A grande esperança diplomática da semana era a viagem de Guterres, da ONU, a Moscovo e a Kiev. Mas nenhum dos lados parece ver razões para falar agora. Em parte, isso deve-se à compreensível desconfiança da Ucrânia em relação a Putin, após a invasão não provocada.

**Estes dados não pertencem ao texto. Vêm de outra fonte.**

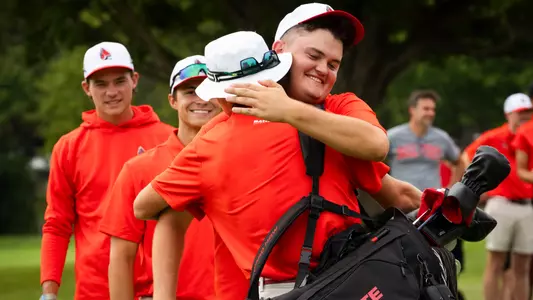 Men's Golf celebrates Luke Johnston's win at the EY Invitational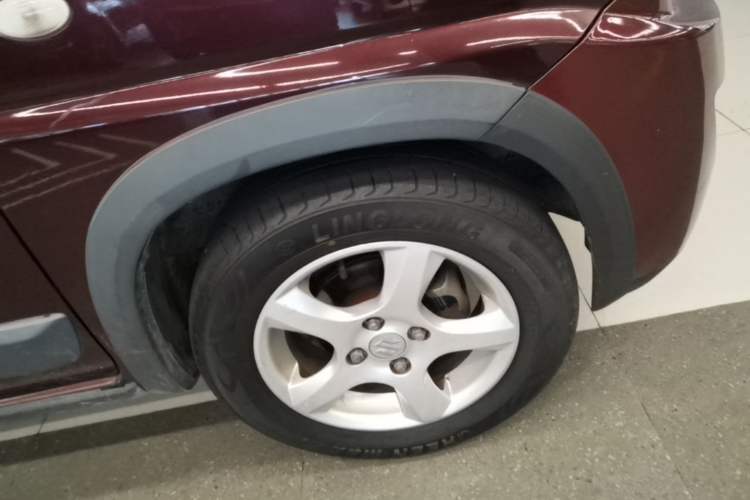 Used Suzuki Wagon R X5 2013 Revised Version 1.4L VVT Cruise Edition Left Front Wheel Hub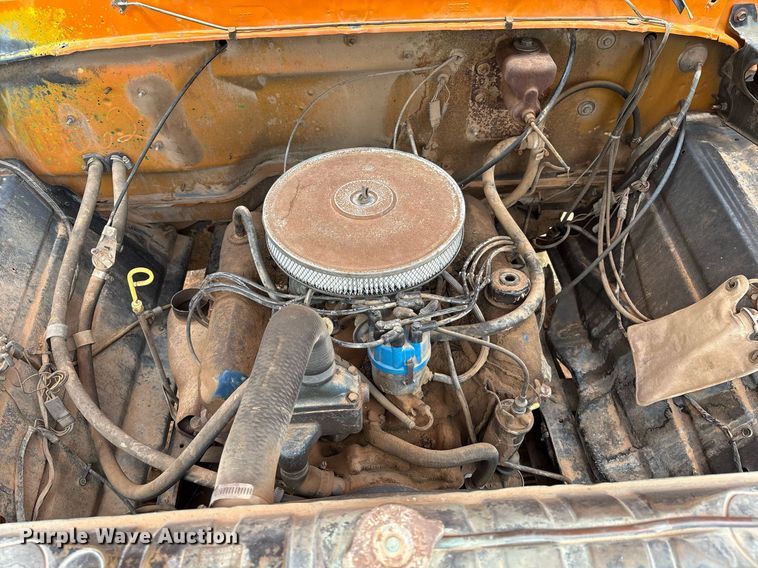 image for item DX8037 1977 Ford F700 dump truck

Mas também há uma sensação na Ucrânia e nas capitais ocidentais de que a indiferença de Putin ao custo sangrento da sua guerra é um sinal claro de que ele está empenhado em continuar até ter motivos razoáveis para declarar algum tipo de vitória que ainda não está à vista.

  • Guterres disse à CNN que Putin concordou, em princípio, em permitir que a ONU e a Cruz Vermelha Internacional ajudassem a retirar cidadãos da fábrica Azovstal em Mariupol, o último reduto da resistência ucraniana na cidade.
  • Mas a viagem de Guterres a Kiev, na quinta-feira, que terminou quando mísseis russos atingiram a cidade, foi um sinal claro da atual atitude da Rússia em relação à diplomacia - e do seu desprezo pelo Estado de Direito internacional, que as Nações Unidas foram criadas para preservar.

A realidade desanimadora no final de uma semana decisiva para o Ocidente e para a Rússia, é que a paz na Ucrânia pode estar mais longe do que alguma vez esteve desde a invasão. E embora o Ocidente possa enviar uma enxurrada de armas, munições e ajuda para o país, não pode pôr fim a uma guerra que enviará ondas de choque políticas, militares e económicas dolorosas e perigosas para o mundo inteiro, nos próximos meses. Só Putin pode fazer isso.

Como Guterres disse na sua entrevista com Anderson Cooper da CNN, “a guerra não vai acabar com reuniões. A guerra vai acabar quando a Federação Russa decidir acabá-la e quando houver um acordo político sério. Podemos ter todas as reuniões que quisermos, mas não é isso que vai acabar com a guerra.”